▸ **INSTRUCTIONS TO FOLLOW**: Every word of every entry must be retyped exactly.

(Short web captions)
━━━

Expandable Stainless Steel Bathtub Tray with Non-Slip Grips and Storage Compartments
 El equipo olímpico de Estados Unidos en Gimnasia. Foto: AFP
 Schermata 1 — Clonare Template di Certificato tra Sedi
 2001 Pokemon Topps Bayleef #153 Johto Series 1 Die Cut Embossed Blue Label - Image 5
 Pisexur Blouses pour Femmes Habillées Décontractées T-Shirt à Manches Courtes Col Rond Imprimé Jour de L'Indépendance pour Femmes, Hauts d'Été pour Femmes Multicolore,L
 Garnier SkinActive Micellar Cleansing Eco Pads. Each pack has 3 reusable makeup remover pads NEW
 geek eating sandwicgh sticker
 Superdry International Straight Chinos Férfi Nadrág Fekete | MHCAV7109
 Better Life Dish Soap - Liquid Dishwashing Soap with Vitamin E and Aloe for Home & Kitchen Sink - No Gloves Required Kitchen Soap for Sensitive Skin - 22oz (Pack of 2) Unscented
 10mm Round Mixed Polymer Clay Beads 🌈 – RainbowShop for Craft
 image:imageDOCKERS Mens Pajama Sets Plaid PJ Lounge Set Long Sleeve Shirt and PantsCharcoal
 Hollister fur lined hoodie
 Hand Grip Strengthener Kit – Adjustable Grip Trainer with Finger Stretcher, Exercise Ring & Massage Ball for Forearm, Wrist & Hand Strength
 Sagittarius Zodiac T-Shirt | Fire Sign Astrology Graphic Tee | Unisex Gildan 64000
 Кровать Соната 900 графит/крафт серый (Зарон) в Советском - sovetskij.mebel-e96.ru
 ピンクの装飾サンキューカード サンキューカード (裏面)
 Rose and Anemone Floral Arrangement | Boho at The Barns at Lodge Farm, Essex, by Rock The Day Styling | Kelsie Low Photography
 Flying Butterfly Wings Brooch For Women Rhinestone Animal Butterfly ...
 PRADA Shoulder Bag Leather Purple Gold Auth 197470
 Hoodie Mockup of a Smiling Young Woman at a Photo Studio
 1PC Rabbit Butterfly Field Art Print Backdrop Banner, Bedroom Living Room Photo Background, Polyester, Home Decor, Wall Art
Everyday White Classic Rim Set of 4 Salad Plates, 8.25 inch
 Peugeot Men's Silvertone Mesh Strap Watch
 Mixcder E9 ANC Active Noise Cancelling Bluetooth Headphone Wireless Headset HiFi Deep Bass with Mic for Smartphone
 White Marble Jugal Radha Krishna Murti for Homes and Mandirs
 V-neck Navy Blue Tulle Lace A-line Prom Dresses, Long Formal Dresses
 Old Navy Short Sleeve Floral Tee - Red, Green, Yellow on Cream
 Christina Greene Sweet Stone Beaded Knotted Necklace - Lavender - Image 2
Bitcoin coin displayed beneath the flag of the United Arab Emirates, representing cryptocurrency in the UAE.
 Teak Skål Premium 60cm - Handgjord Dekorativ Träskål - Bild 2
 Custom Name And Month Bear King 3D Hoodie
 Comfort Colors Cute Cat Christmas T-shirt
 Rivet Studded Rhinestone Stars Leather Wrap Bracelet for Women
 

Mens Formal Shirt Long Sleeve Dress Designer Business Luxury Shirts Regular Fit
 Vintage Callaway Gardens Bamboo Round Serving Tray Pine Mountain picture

━━━

▸ **THE ANSWER**:
Expandable Stainless Steel Bathtub Tray with Non-Slip Grips and Storage Compartments
 El equipo olímpico de Estados Unidos en Gimnasia. Foto: AFP
 Schermata 1 — Clonare Template di Certificato tra Sedi
 2001 Pokemon Topps Bayleef #153 Johto Series 1 Die Cut Embossed Blue Label - Image 5
 Pisexur Blouses pour Femmes Habillées Décontractées T-Shirt à Manches Courtes Col Rond Imprimé Jour de L'Indépendance pour Femmes, Hauts d'Été pour Femmes Multicolore,L
 Garnier SkinActive Micellar Cleansing Eco Pads. Each pack has 3 reusable makeup remover pads NEW
 geek eating sandwicgh sticker
 Superdry International Straight Chinos Férfi Nadrág Fekete | MHCAV7109
 Better Life Dish Soap - Liquid Dishwashing Soap with Vitamin E and Aloe for Home & Kitchen Sink - No Gloves Required Kitchen Soap for Sensitive Skin - 22oz (Pack of 2) Unscented
 10mm Round Mixed Polymer Clay Beads 🌈 – RainbowShop for Craft
 image:imageDOCKERS Mens Pajama Sets Plaid PJ Lounge Set Long Sleeve Shirt and PantsCharcoal
 Hollister fur lined hoodie
 Hand Grip Strengthener Kit – Adjustable Grip Trainer with Finger Stretcher, Exercise Ring & Massage Ball for Forearm, Wrist & Hand Strength
 Sagittarius Zodiac T-Shirt | Fire Sign Astrology Graphic Tee | Unisex Gildan 64000
 Кровать Соната 900 графит/крафт серый (Зарон) в Советском - sovetskij.mebel-e96.ru
 ピンクの装飾サンキューカード サンキューカード (裏面)
 Rose and Anemone Floral Arrangement | Boho at The Barns at Lodge Farm, Essex, by Rock The Day Styling | Kelsie Low Photography
 Flying Butterfly Wings Brooch For Women Rhinestone Animal Butterfly ...
 PRADA Shoulder Bag Leather Purple Gold Auth 197470
 Hoodie Mockup of a Smiling Young Woman at a Photo Studio
 1PC Rabbit Butterfly Field Art Print Backdrop Banner, Bedroom Living Room Photo Background, Polyester, Home Decor, Wall Art
Everyday White Classic Rim Set of 4 Salad Plates, 8.25 inch
 Peugeot Men's Silvertone Mesh Strap Watch
 Mixcder E9 ANC Active Noise Cancelling Bluetooth Headphone Wireless Headset HiFi Deep Bass with Mic for Smartphone
 White Marble Jugal Radha Krishna Murti for Homes and Mandirs
 V-neck Navy Blue Tulle Lace A-line Prom Dresses, Long Formal Dresses
 Old Navy Short Sleeve Floral Tee - Red, Green, Yellow on Cream
 Christina Greene Sweet Stone Beaded Knotted Necklace - Lavender - Image 2
Bitcoin coin displayed beneath the flag of the United Arab Emirates, representing cryptocurrency in the UAE.
 Teak Skål Premium 60cm - Handgjord Dekorativ Träskål - Bild 2
 Custom Name And Month Bear King 3D Hoodie
 Comfort Colors Cute Cat Christmas T-shirt
 Rivet Studded Rhinestone Stars Leather Wrap Bracelet for Women
 

Mens Formal Shirt Long Sleeve Dress Designer Business Luxury Shirts Regular Fit
 Vintage Callaway Gardens Bamboo Round Serving Tray Pine Mountain picture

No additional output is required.